As with fuel treatments for wildfire, forest thinning can sometimes serve as an effective strategy to reduce forest carbon risk from drought, bolstering forest resistance (the ability to sustain growth during drought) and resilience (the capacity to recover growth after drought) [273,274,275,276,277]. This is achieved by reducing tree densities, which is the primary driver of resource competition at the stand level [277], and by enhancing available growing space [278]. While the potential of thinning to reduce drought effects is widely acknowledged, its effectiveness varies substantially by context and ecosystem, and is influenced by various factors. Stands with lower tree densities, achieved through more substantial thinning practices, generally exhibit heightened resistance and resilience [279,280,281]. Results from a recent meta-analysis of stand density and tree mortality relationships in yellow pine (ponderosa pine and Jeffrey pine, Pinus jeffreyi) forests suggest that substantially lower stand densities are required to maintain adequate levels of resistance to bark beetles in contemporary forests compared to recent historic forests, due to the effects of warming and drought on forest structure and composition, including transitions from low-density, open and park-like forests to dense, second-growth forests [268]. Maintaining stands at such low densities may be required to promote high levels of resistance to drought and bark beetles in the future and represents a substantial change from current management prescriptions, of which the carbon consequences over time are largely unknown.

The benefits of thinning on carbon risk reduction, through reduced future disturbances, diminish with time since last treatment [281, 282]. Notably, the effects of thinning differ between broadleaves and conifers, although additional studies are needed [283]. Furthermore, the specific thinning method employed can yield contrasting outcomes. Thinning from above (involving removal of dominant and co-dominant trees) has the potential to minimize drought-induced growth reductions by reducing tree diameter, fostering a more intricate vertical structure that stratifies competition, while thinning from below (involving the removal of smaller diameter trees in lower canopy positions) may result in larger diameters and a monolayered structure, intensifying competition [284]. The type of thinning may also result in either complementary or opposing effects on different disturbances [285]. For example, thinning from below is often used in fuels reduction resulting in forests of large, older trees, which are typically more susceptible to bark beetles (e.g., [231]). Conversely, thinning from above can reduce susceptibility to bark beetles but may increase surface fuels resulting from harvest residuals.

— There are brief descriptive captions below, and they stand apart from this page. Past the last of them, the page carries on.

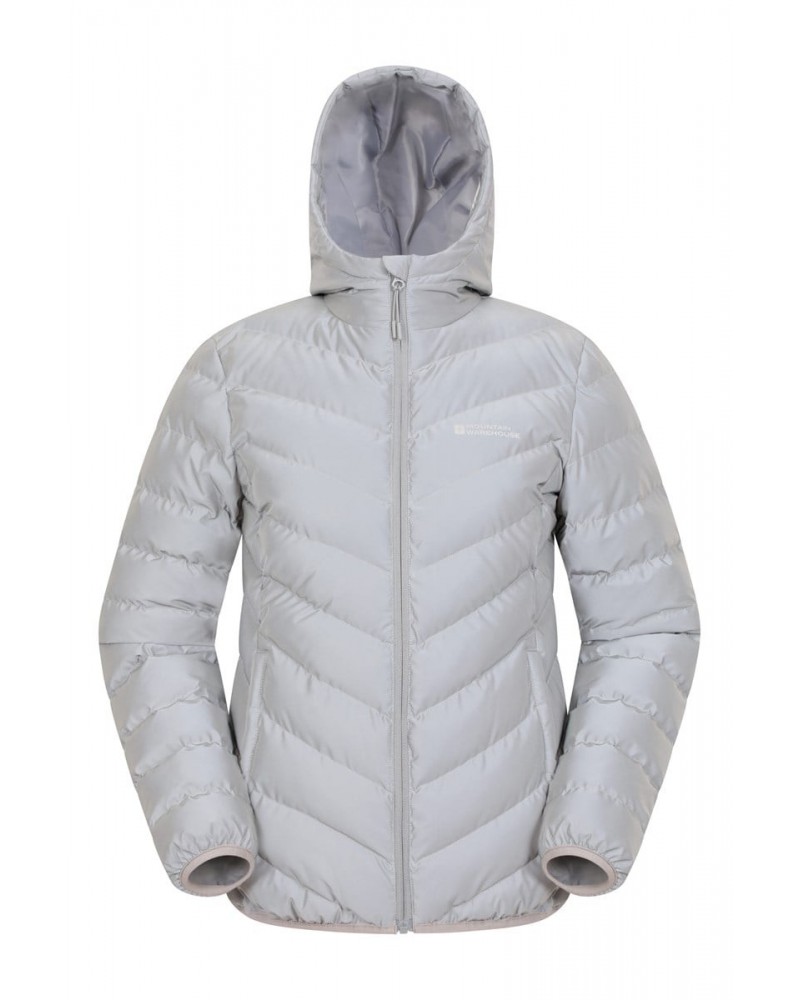 Seasons Womens Reflective Insulated Jacket Grey $32.20 Jackets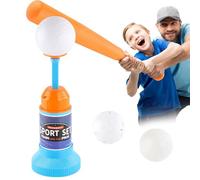 Set di palline a T per bambini - T-shirt da battito regolabile, lanciatore automatico in ABS, mazza in schiuma inclusa, kit di gioco per sport all'aria aperta, giocattolo di allenamento di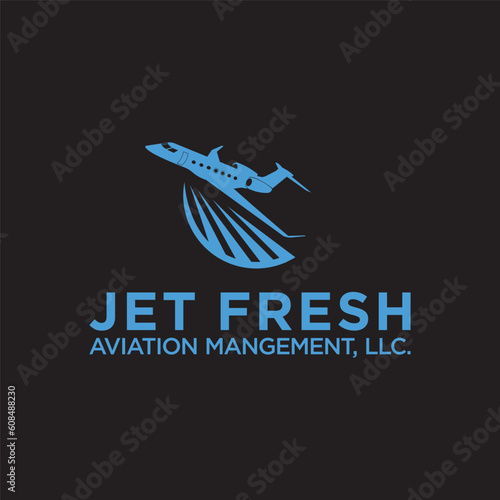 private jet business aviation logo design vector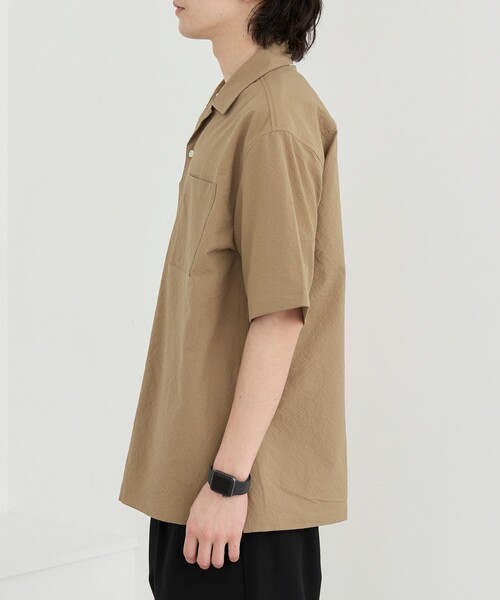 coen(コーエン)の「エンボス加工ビンテージライクオープンカラーシャツ ー吸水速乾ー(シャツ/ブラウス・メンズ・オフホワイト/ブラック/ダークグレー/ベージュ・S/M/L/XL)」の18枚目の写真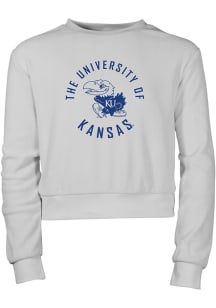 Kansas Jayhawks Girls Grey Sloan Long Sleeve Sweatshirt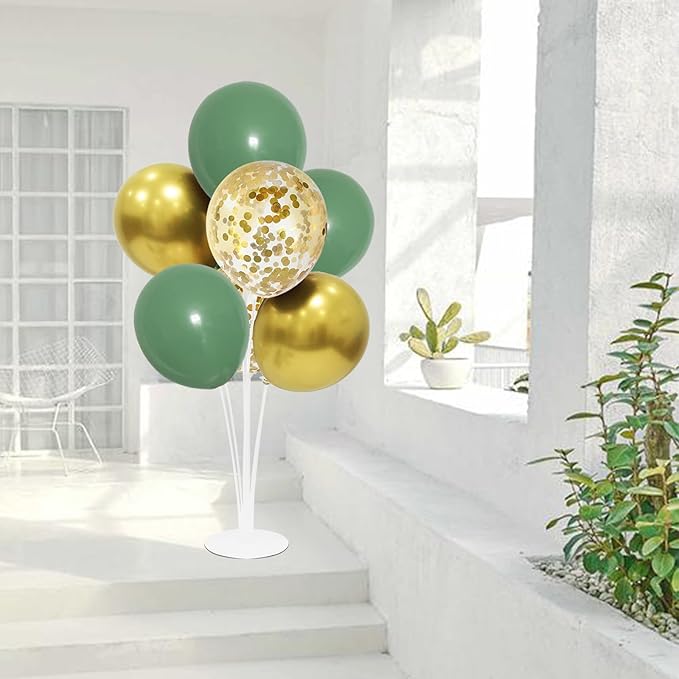 Green and Gold Balloon Stand Centerpiece Table Decorations for Birthday Woodland Baby Shower Party Decoration (Green gold set4)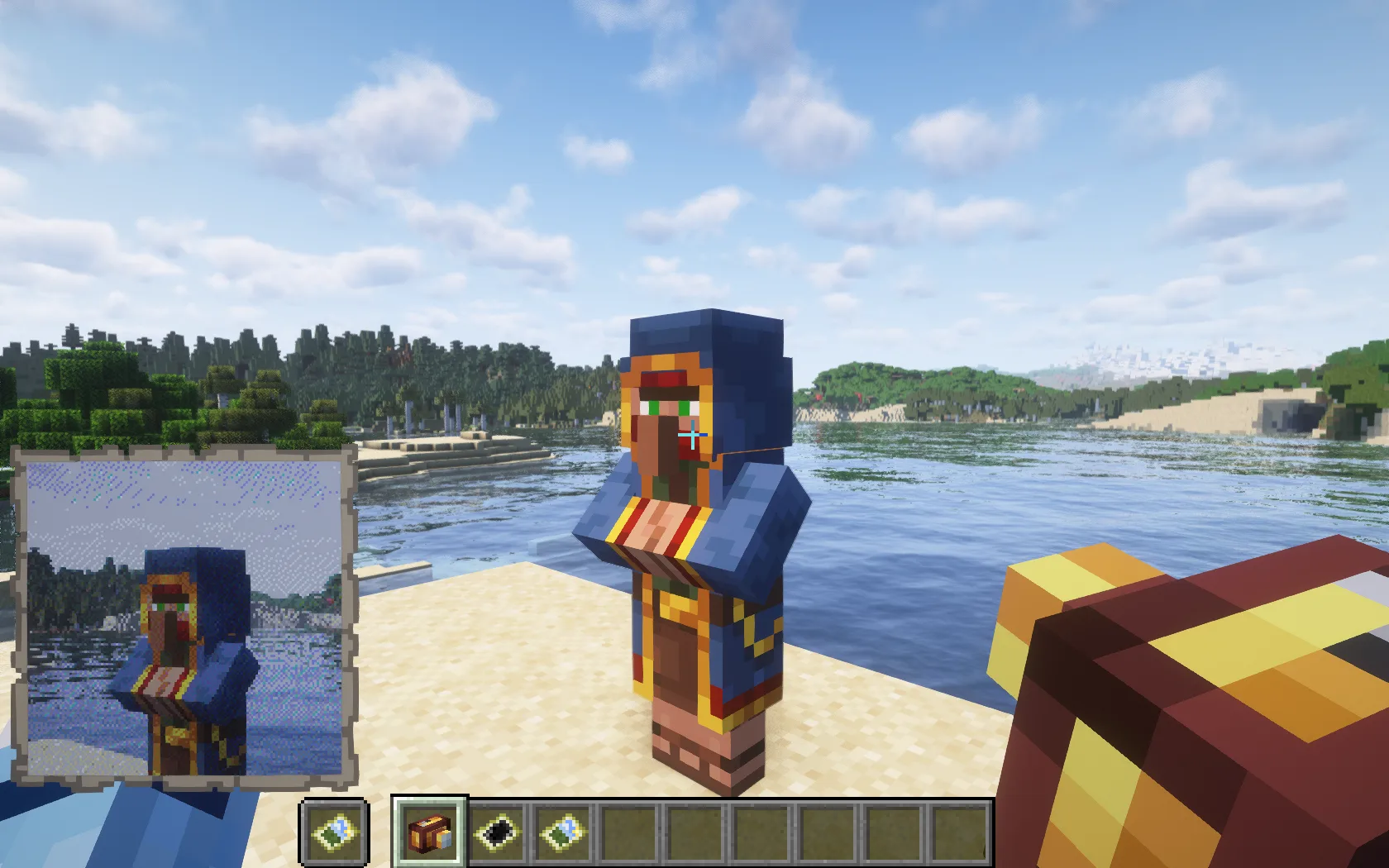 Игрок фотографирует странствующего торговца в Minecraft.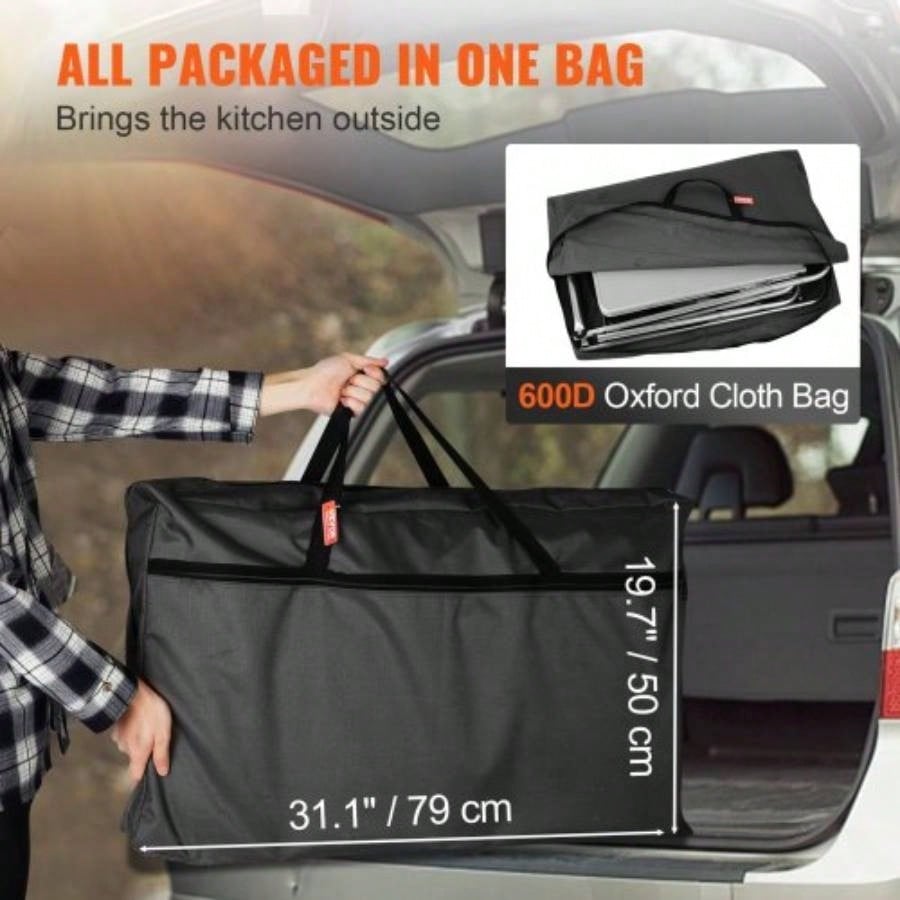 Camping Kitchen Table, Folding Outdoor Cooking Table with Storage Carrying Bag, Aluminum Cook Station 3 Cupboard Detachable Windscreen, Quick Set - up Picnics, BBQ, RV Traveling, Black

Overall, our understanding of relationships between forest carbon risks and treatments that reduce tree damage and mortality from insects, diseases, and drought has some critical limitations, uncertainties, and gaps. These include: (1) a complete accounting of carbon emissions during treatments, (2) the likelihood of a tree mortality event (e.g., bark beetle outbreak) occurring during the period of time when treatments are effective, recognizing that efficacy declines with time since treatment, (3) the amount of landscape that needs to be treated to impart desired effects, and (4) the post-treatment rate of carbon uptake.

Conclusions

Forest carbon storage is a critical ecosystem service that is facing heightened risks as climate change facilitates larger and more severe wildfires, widespread insect and disease outbreaks, and more intense droughts in many forests of the United States [286]. To minimize negative effects and maximize resilience of forest carbon, these risks must be accounted for in carbon offset protocols, carbon management practices, and carbon mapping and modeling techniques. Many of the example tools discussed in “Mapping carbon risk to disturbance” demonstrate the significant conceptual challenges of combining all the interacting land surface, climate, and ecological processes that are needed to analyze forest carbon risk, a task that becomes increasingly complicated with climate change and over temporal trajectories. Additional challenges lie in scaling up modeling efforts and management techniques across the United States, and it is noteworthy that all the studies on managing forest carbon risk discussed in “Conclusions” have been executed on a local project or regional scale, not at a national scale. The latter requires consistent accounting across variations in forest types, disturbance trajectories, and resource availabilities. However, with the continuous advancement in scientific understanding and computational capabilities, the foundation now exists to scale up analyses that were previously only possible on a local scale. This represents the next critical step towards elevating forest carbon risk science to a level that can facilitate a better understanding of forest carbon risk from climate change and disturbance across the entire United States and create opportunities for strategic forest management directed at reducing those risks.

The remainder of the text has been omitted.